Family psychotherapy

Diagnosis of disorders


At the Leto mental health center, a study is carried out with the participation of several specialists to more accurately identify the main cause of deviations.

Doctors use:

  • Detailed survey.
  • Inspection.
  • Psychodiagnostic tests.
  • Observation.
  • Use of information provided by the patient's relatives.

Forecast

The most favorable prognosis is for patients whose emotional disorders are not associated with brain damage and severe dependence on alcohol and drugs. The sooner professional assistance is provided to the patient, the better the prognosis. With neurological diseases, it will not be possible to achieve a complete cure. However, proper treatment, support from loved ones and the creation of a favorable psychological climate will significantly improve the patient’s psycho-emotional state and quality of life.
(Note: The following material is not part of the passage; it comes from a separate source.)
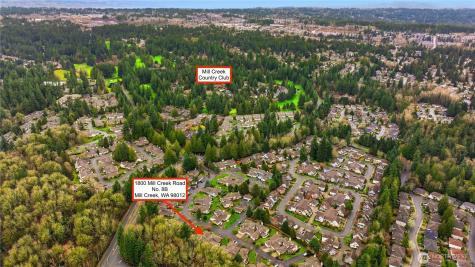 1800 Mill Creek Road Mill Creek WA 98012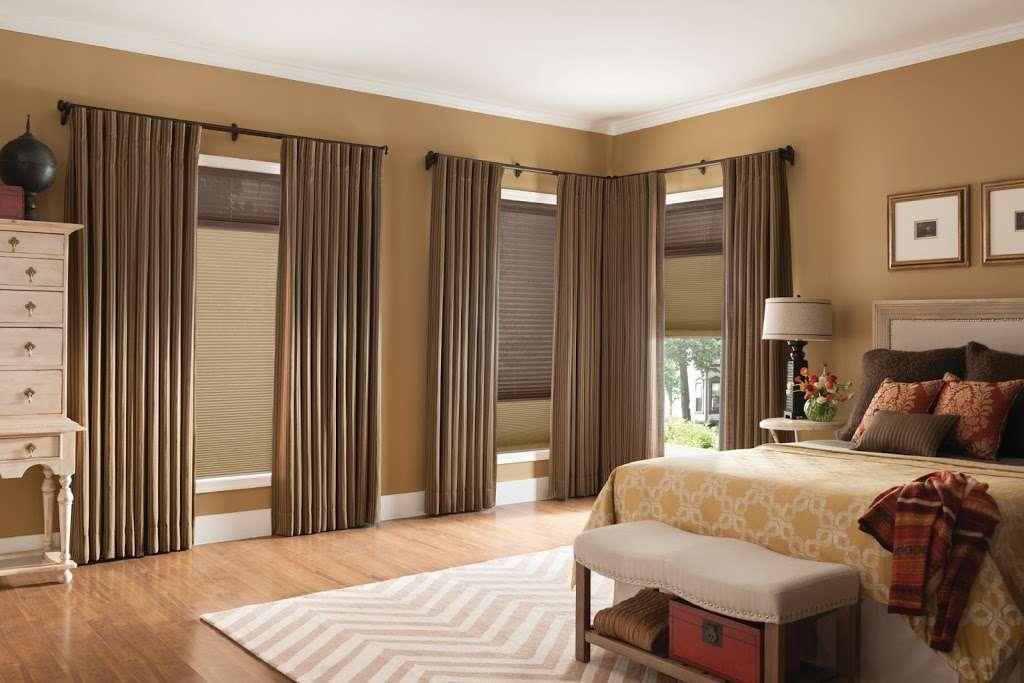 Budget Blinds | 19147 S Blackhawk Pkwy #18, Mokena, IL 60448, USA | Phone: (815) 464-0111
Treatment of patients suffering from emotionally unstable personality disorders

In order to correctly select adequate therapy, it is necessary to identify the cause causing the disturbance of emotions. In mild cases, outpatient counseling and therapy in a day hospital are sufficient. In moderate to severe situations, hospitalization is required.

In the hospital, when diagnosing the patient, the main diagnosis is established. On this basis, individual treatment is prescribed.

Depending on the causative pathology, the treatment plan includes:


  • Pharmacotherapy. The most commonly used medications are psychotropic drugs - antidepressants, tranquilizers, antipsychotics, and symptomatic drugs.

  • Psychotherapy. For almost any disease, this type of treatment has a positive effect.
  • Medical and rehabilitation measures. Recommended for people with social dysfunction.

After completing the main course, follow-up monitoring of the patient is advisable. Therefore, psychiatrists at the Leto clinic insist on periodic consultations with treated people.